This page is dedicated to the pioneers Timothy HUFFAM and his sons Timotheos Blake, Frederick Walter, Richard and Gerard Scudamore. These five men came to New Zealand on April 30 1869, arriving on the same day as the Duke of Edinburgh, on the ship "Galatea".


Timothy HUFFAM aged about 50, around 1860, prior to leaving England for New Zealand.

In the words of Gerard, "There was so much excitement on shore because of the Duke’s visit that we were overlooked, and it was a few days before we could land, because of the jollifications. Eventually. the Lady Barkly towed us in."

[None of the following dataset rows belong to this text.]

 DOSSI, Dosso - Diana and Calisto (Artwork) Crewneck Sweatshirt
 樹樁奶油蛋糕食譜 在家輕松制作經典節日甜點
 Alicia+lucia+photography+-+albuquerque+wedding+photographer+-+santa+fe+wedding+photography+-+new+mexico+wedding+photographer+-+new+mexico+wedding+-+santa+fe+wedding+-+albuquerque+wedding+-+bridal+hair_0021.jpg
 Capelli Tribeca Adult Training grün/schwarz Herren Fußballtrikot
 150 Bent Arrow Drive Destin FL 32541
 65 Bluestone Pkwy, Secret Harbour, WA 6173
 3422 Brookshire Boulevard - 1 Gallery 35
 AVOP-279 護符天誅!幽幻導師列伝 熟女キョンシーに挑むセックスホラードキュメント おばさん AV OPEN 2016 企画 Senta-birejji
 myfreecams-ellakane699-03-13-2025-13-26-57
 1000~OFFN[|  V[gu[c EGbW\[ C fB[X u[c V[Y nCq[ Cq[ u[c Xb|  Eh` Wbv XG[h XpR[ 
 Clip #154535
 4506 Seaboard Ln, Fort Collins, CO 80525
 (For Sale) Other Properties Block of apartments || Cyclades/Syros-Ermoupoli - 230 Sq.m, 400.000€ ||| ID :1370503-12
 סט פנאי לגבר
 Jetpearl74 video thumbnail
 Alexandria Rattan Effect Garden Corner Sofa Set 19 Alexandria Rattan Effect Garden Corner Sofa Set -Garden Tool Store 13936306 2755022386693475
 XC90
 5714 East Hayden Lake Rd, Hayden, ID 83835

The journey out wasn't uneventful either, as their barque, The Fanny, rammed a brig before even leaving England. They boarded the barque one bleak, December afternoon, in the Thames, and tugs began to take her out to the open sea. Daylight had not long come the next day when the Fanny, still in tow of the tugs, charged into another vessel, a brig, that was coming up the river. Her bow hit the other amidships, and the latter must have been in a very rotten state for she sank in a few minutes, though not before all hands had time to get clear.

"How we came to run into her, I can’t imagine," said Mr. Gerard Huffam, recalling the incident. "The skipper knew he would be detained a long time if he stopped, so he decided to go on. The tugs cast off and the pilot, whose name was Pidgeon, left us, and we started out into the channel. We had broken our bowsprit, but we got a new stick from shore and fitted it in. A case of grog was pitched overboard."

One wonders if the captain of the Fanny was a fault... "The skipper was a very drunken man and he was in such a state that the mate had charge of the barque for the first two or three weeks." And once they reached Nelson, "the captain met an old friend and they started a celebration that lasted till the Fanny left for China, and on the voyage the captain died in the D.T.’s."

From Nelson, the five bachelors went to live at Bark Bay. They stayed there 16 years, firstly cutting firewood from the bush behind them, then fishing, and finally making small boats - a trade that two of the boys had been trained in while living in Cowes, Isle of Wight.


Bark Bay - pictured towards the end of the 19th century.

Eventually the family split up, Blake marrying Jane JACOBSEN, of Nelson, Richard marrying Sophie PERRIN and going to live in Wellington and Frederick marrying Mary Ann GIBBS. Gerard never married. Timothy was eventually laid to rest in the Wakapuaka Cemetery in Nelson, on 14 July 1893. A headstone was placed and a dedication of the same was made in April 1999 at a family reunion.